TERÇAROLLI, André Fini [1]

TERÇAROLLI, André Fini. Sanções penais atípicas no âmbito da colaboração premiada: legalidade?. Revista Científica Multidisciplinar Núcleo do Conhecimento. Ano. 08, Ed. 06, Vol. 02, pp. 74-86. Junho de 2023. ISSN: 2448-0959, Link de acesso: https://www.nucleodoconhecimento.com.br/lei/sancoes-penais, DOI: 10.32749/nucleodoconhecimento.com.br/lei/sancoes-penais

RESUMO

O presente trabalho visa analisar a possibilidade de fixação ou não de sanções penais atípicas em colaboração premiada. Nesse contexto, debate-se o choque entre a legalidade e autonomia de vontade com a possibilidade de formulação de penas extralegais, refletindo na premissa sobre necessidade ou não de se estabelecer uma racionalização legal, de modo a estipular limites a própria discricionariedade inerente ao negócio formalizado entre as partes. Por fim, após a tomada de decisão, será exposto a atual posição jurisprudencial e a conclusão proposta.

Palavras-chave: Colaboração Premiada, Sanções Atípicas, Autonomia da Vontade, Legalidade.

INTRODUÇÃO

Há uma tendência, não apenas no cenário brasileiro, como também no âmbito internacional, de ampliação dos espaços de consenso[2] no processo penal, através da aceitação de acordos na justiça penal. A concepção foi sendo desenvolvida visando enfrentar a crise que paira sobre a persecução penal, em decorrência de sua ineficiência e falta de celeridade (FERNANDES, 2007, p. 55; VASCONCELLOS, 2015, p. 19).

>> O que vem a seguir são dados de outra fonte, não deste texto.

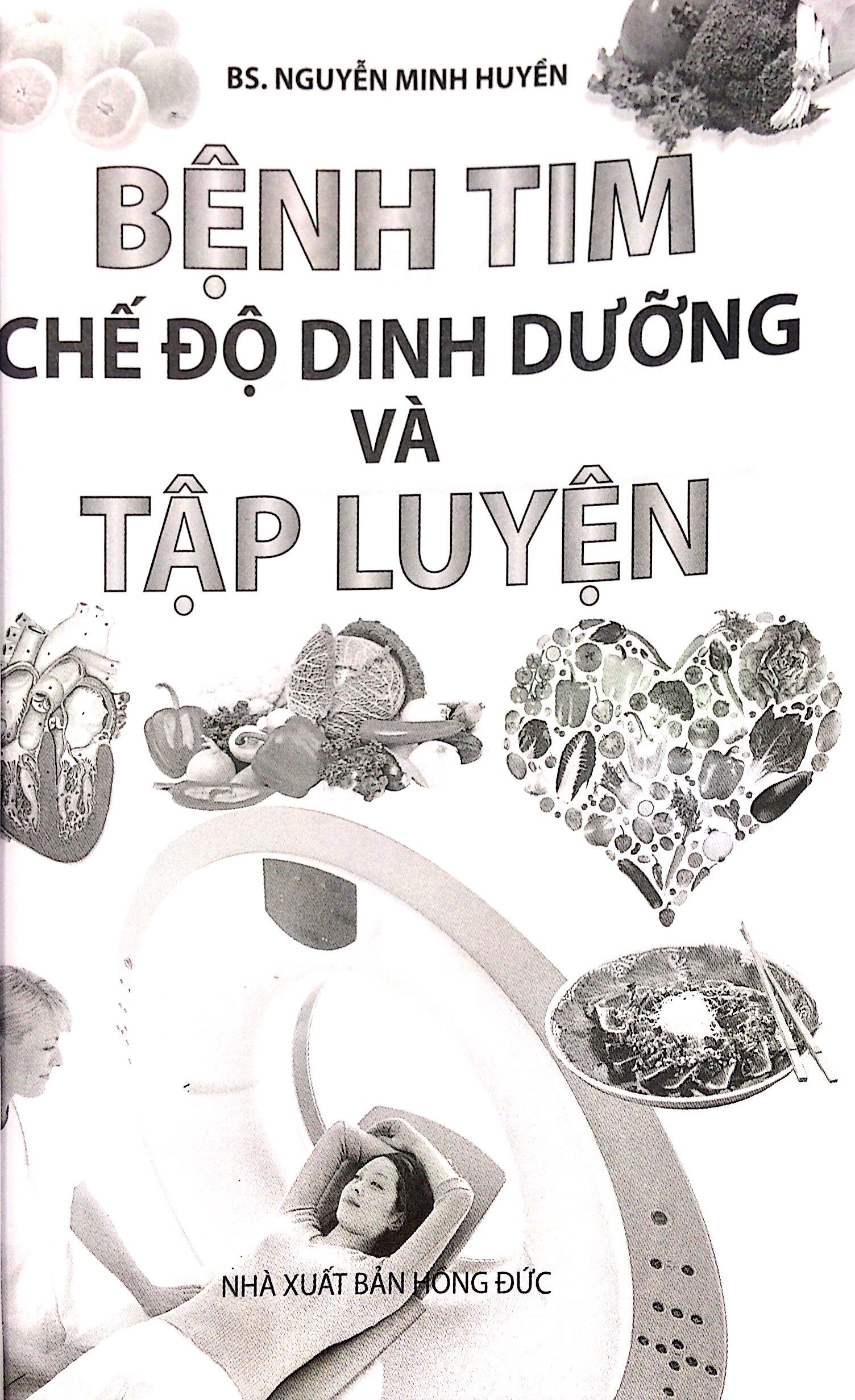 Bệnh Tim - Chế Độ Dinh Dưỡng Và Tập Luyện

O grande dilema do processo penal é coordenar o indispensável respeito aos direitos fundamentais e de outro alcançar um sistema criminal mais eficiente. Contudo, a eficiência não representa assegurar maior recrudescimento das sanções penais ou franquear o maior número de punições, com sua ideia busca-se um ponto de equilíbrio, assegurando um resultado justo em tempo razoável concomitantemente com as garantias do acusado (FERNANDES, 2009, p. 9-10)

Assim, o incentivo (benefício) oferecido ao acusado para obtenção de sua colaboração – “adota posturas cooperativas com autoridades” (LUAND, 2008, p. 47-48) -, configura instrumento eficaz[3] de combate a determinadas investigações envolvendo tipos penais desprovidos de testemunhas presenciais  (BOTTINO, 2016, p. 360), com a ressalva aos próprios envolvidos, franqueando a melhora na “qualidade do material probatório produzido”(MENDONÇA, 2013, p. 2).

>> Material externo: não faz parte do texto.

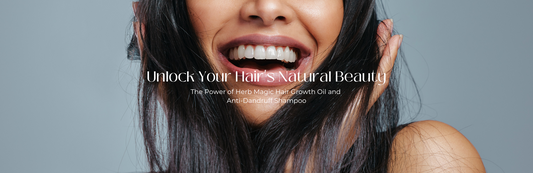 Unlock Your Hair's Natural Beauty with Naturadic: The Power of Herb Magic Hair Growth Oil and Anti-Dandruff Shampoo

Dentro do cenário exposto, a lei nº 12.850/2013 regulamentou os aspectos procedimentais da colaboração premiada, não obstante de modo muito impreciso, suscitando dúvidas quanto às formulações práticas (VASCONCELOS, 2022, p. 21). A praxe forense de adoção do modelo de justiça negocial tem possibilitado, com bastante frequência, a concessão de penas sem previsão no ordenamento jurídico (atípicas) de modo a fugir das balizas fixadas no ordenamento jurídico, por intermédio da criação de sanções penais sequer estabelecidas em lei.

Nesse contexto, o escopo do presente artigo busca analisar, com embasamento em situações concretas, a possibilidade jurídica de estipulação de penas inéditas (desprovidas de previsão legal) lastreadas na autonomia de vontade, ou na sua inviabilidade por confrontar o  princípio da legalidade. Em outras palavras, perquirir se a legalidade impõe ou não filtros e limites na fixação das sanções a serem fixadas.

Há sensível reflexo prático em discutir a questão, pois a homologação do acordo de colaboração premiada vincula não apenas as partes ao conteúdo estabelecido, mas também o próprio órgão jurisdicional (BOTTINO, 2016, p. 374).

Em suma, como afirmado por Vinícius Vasconcelos: “Tais posturas avessas à legalidade podem ser aceitas?”(VASCONCELLOS, 2022, p. 21).

BENEFÍCIOS ESTIPULADOS EM LEI (ESVAZIAMENTO PRÁTICO):

De acordo com as previsões da lei nº 12.850/2013, foram estipuladas estritamente as sanções premiais que podem ser concedidas ao colaborador, entre elas: (i) concessão de perdão judicial[4]; (ii) redução da pena privativa de liberdade em até 2/3 (dois terços); (iii) substituição em restritiva de direitos; e (iv) sendo posterior à sentença (fase de execução), redução da pena até a metade ou progressão de regime, ainda que ausente os requisitos objetivos.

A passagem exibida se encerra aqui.